> EXERCISE
Below are the records; extract from them the line containing "Oct 10, 2024;" to the line containing "A garden area", both lines included, exactly and with no pictures.

(THE DATA begins)

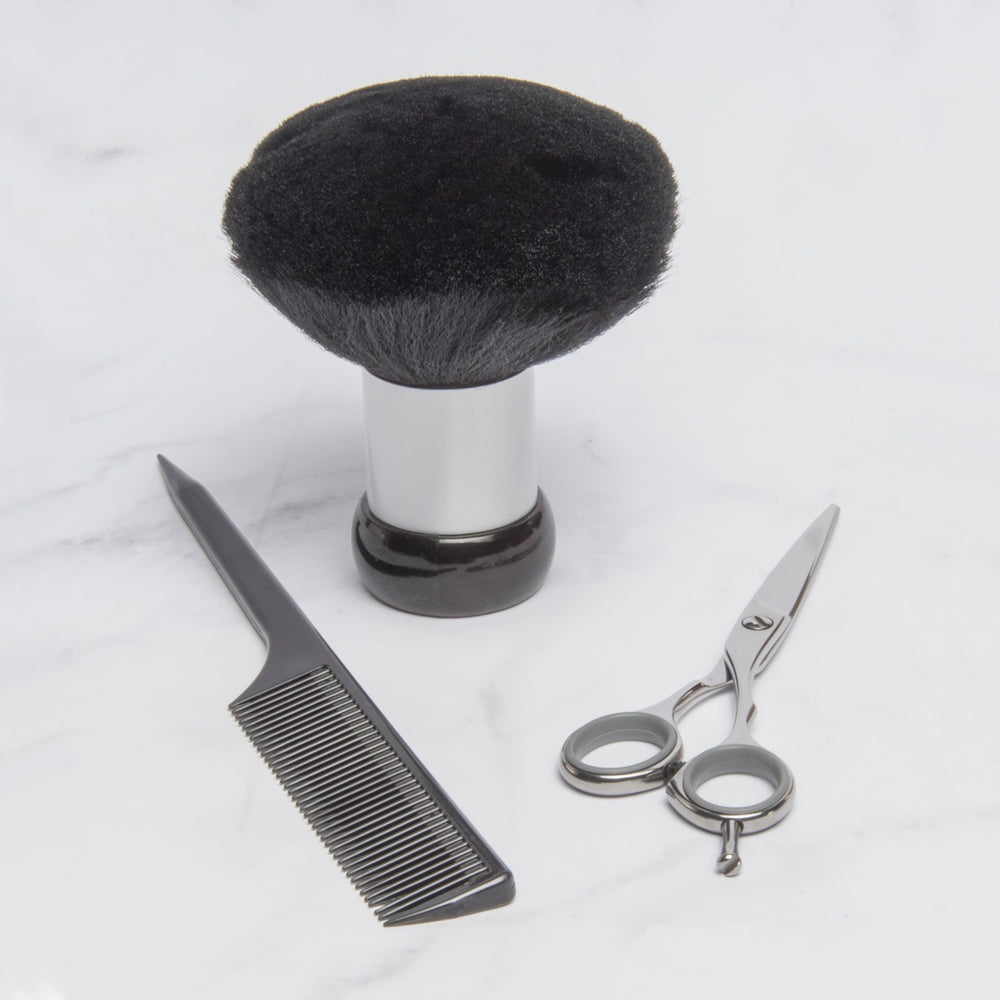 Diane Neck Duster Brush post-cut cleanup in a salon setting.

(THE DATA ends)
(THE DATA begins)

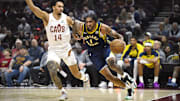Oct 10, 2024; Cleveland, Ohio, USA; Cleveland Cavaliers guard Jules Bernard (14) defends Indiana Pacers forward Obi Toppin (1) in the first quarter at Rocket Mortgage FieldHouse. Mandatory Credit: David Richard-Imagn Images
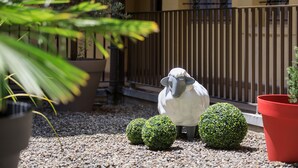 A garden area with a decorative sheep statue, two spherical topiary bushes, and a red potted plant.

(THE DATA ends)

> WRITTEN REPLY
Oct 10, 2024; Cleveland, Ohio, USA; Cleveland Cavaliers guard Jules Bernard (14) defends Indiana Pacers forward Obi Toppin (1) in the first quarter at Rocket Mortgage FieldHouse. Mandatory Credit: David Richard-Imagn Images
 A garden area with a decorative sheep statue, two spherical topiary bushes, and a red potted plant.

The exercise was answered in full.